Problem requirements – When you reach the line that contains "Thematische Press-On Nail" in the data below, start reproducing lines exactly, and stop after the line that contains "Pronájem bytu 4+1 126 m², Fröhnstraße 61, Pirmasens Pronájem".

Items from a dataset:
------------------------------------
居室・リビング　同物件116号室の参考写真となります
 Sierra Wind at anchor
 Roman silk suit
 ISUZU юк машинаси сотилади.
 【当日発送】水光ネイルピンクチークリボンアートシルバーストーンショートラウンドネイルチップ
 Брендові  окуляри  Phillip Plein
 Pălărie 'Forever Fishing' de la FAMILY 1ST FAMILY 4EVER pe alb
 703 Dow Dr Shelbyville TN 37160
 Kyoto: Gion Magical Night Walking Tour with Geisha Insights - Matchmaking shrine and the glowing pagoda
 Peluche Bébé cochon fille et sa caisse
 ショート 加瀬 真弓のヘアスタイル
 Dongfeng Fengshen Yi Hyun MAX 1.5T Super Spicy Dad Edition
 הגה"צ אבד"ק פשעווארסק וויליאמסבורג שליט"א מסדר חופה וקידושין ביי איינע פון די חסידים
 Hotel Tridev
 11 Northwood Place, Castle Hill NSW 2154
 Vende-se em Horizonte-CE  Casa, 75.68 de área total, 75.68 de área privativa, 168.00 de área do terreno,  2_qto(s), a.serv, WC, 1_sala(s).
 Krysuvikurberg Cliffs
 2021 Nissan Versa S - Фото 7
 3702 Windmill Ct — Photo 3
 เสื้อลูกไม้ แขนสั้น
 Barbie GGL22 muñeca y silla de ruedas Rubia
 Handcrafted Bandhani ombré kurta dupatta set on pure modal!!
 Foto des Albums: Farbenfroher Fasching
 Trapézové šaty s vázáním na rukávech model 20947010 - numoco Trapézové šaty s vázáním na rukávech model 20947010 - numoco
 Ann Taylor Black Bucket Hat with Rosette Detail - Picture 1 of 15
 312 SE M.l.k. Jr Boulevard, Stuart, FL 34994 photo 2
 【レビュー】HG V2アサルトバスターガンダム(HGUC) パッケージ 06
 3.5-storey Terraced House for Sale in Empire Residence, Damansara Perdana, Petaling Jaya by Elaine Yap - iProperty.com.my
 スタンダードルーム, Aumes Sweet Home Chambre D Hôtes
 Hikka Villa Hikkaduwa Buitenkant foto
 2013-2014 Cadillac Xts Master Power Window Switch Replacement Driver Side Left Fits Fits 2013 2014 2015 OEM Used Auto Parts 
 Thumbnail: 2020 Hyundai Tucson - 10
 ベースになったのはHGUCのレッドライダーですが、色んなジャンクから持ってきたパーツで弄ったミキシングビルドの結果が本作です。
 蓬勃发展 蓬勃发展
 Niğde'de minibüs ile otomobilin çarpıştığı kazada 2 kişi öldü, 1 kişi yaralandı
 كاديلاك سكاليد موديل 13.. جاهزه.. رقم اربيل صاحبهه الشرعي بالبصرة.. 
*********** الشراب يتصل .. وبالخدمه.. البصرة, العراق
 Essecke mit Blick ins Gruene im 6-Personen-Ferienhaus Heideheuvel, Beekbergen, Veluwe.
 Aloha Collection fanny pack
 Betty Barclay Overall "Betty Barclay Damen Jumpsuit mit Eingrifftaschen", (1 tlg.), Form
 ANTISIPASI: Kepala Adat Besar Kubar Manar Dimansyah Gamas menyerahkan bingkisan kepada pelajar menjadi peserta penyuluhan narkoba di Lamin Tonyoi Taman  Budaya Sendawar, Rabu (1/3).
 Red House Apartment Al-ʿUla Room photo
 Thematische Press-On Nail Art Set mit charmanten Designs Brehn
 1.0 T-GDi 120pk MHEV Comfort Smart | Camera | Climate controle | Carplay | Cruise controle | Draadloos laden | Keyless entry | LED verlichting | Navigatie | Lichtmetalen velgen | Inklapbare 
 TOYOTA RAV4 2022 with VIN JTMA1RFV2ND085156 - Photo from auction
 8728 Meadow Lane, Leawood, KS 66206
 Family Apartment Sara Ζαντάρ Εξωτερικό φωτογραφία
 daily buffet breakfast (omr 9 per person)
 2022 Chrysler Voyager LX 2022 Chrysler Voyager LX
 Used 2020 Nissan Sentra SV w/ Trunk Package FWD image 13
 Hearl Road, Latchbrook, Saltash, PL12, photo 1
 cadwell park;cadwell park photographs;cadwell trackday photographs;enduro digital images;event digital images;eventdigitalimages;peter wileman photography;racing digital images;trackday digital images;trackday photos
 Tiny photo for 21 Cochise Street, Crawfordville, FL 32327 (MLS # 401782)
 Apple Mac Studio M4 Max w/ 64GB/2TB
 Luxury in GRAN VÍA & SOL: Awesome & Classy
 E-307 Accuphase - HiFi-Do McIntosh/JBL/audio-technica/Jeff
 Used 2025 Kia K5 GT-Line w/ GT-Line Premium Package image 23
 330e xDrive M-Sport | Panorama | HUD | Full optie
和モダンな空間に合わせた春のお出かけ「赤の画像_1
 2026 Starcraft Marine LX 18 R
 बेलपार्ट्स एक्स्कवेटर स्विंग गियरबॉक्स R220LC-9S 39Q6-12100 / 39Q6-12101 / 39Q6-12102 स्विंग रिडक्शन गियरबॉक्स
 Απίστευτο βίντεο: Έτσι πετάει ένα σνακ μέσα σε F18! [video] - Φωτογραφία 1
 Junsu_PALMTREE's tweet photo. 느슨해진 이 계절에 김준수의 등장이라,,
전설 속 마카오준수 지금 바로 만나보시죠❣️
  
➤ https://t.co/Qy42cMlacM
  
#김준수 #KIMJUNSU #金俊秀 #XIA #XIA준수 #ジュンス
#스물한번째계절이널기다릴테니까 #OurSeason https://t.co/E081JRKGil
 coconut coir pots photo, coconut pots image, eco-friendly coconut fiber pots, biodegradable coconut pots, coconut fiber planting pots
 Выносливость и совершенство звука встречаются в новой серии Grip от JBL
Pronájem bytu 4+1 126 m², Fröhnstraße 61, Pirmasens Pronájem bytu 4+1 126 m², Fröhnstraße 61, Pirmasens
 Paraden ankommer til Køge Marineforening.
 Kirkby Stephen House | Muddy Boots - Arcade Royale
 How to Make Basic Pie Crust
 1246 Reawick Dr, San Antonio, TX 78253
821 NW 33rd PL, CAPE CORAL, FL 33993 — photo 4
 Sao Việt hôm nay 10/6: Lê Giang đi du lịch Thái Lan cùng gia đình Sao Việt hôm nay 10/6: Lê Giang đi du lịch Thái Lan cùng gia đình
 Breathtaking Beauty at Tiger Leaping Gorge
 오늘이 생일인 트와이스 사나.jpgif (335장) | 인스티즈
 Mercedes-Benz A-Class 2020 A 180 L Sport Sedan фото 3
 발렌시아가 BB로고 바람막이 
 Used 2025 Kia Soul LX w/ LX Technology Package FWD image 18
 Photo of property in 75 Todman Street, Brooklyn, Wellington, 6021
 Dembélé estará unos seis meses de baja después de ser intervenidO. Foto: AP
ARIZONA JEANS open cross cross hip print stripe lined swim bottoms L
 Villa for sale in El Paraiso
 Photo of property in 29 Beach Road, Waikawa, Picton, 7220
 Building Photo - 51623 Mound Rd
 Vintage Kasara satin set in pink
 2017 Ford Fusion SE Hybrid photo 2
------------------------------------
Answer to the exercise –
 Thematische Press-On Nail Art Set mit charmanten Designs Brehn
 1.0 T-GDi 120pk MHEV Comfort Smart | Camera | Climate controle | Carplay | Cruise controle | Draadloos laden | Keyless entry | LED verlichting | Navigatie | Lichtmetalen velgen | Inklapbare 
 TOYOTA RAV4 2022 with VIN JTMA1RFV2ND085156 - Photo from auction
 8728 Meadow Lane, Leawood, KS 66206
 Family Apartment Sara Ζαντάρ Εξωτερικό φωτογραφία
 daily buffet breakfast (omr 9 per person)
 2022 Chrysler Voyager LX 2022 Chrysler Voyager LX
 Used 2020 Nissan Sentra SV w/ Trunk Package FWD image 13
 Hearl Road, Latchbrook, Saltash, PL12, photo 1
 cadwell park;cadwell park photographs;cadwell trackday photographs;enduro digital images;event digital images;eventdigitalimages;peter wileman photography;racing digital images;trackday digital images;trackday photos
 Tiny photo for 21 Cochise Street, Crawfordville, FL 32327 (MLS # 401782)
 Apple Mac Studio M4 Max w/ 64GB/2TB
 Luxury in GRAN VÍA & SOL: Awesome & Classy
 E-307 Accuphase - HiFi-Do McIntosh/JBL/audio-technica/Jeff
 Used 2025 Kia K5 GT-Line w/ GT-Line Premium Package image 23
 330e xDrive M-Sport | Panorama | HUD | Full optie
和モダンな空間に合わせた春のお出かけ「赤の画像_1
 2026 Starcraft Marine LX 18 R
 बेलपार्ट्स एक्स्कवेटर स्विंग गियरबॉक्स R220LC-9S 39Q6-12100 / 39Q6-12101 / 39Q6-12102 स्विंग रिडक्शन गियरबॉक्स
 Απίστευτο βίντεο: Έτσι πετάει ένα σνακ μέσα σε F18! [video] - Φωτογραφία 1
 Junsu_PALMTREE's tweet photo. 느슨해진 이 계절에 김준수의 등장이라,,
전설 속 마카오준수 지금 바로 만나보시죠❣️
  
➤ https://t.co/Qy42cMlacM
  
#김준수 #KIMJUNSU #金俊秀 #XIA #XIA준수 #ジュンス
#스물한번째계절이널기다릴테니까 #OurSeason https://t.co/E081JRKGil
 coconut coir pots photo, coconut pots image, eco-friendly coconut fiber pots, biodegradable coconut pots, coconut fiber planting pots
 Выносливость и совершенство звука встречаются в новой серии Grip от JBL
Pronájem bytu 4+1 126 m², Fröhnstraße 61, Pirmasens Pronájem bytu 4+1 126 m², Fröhnstraße 61, Pirmasens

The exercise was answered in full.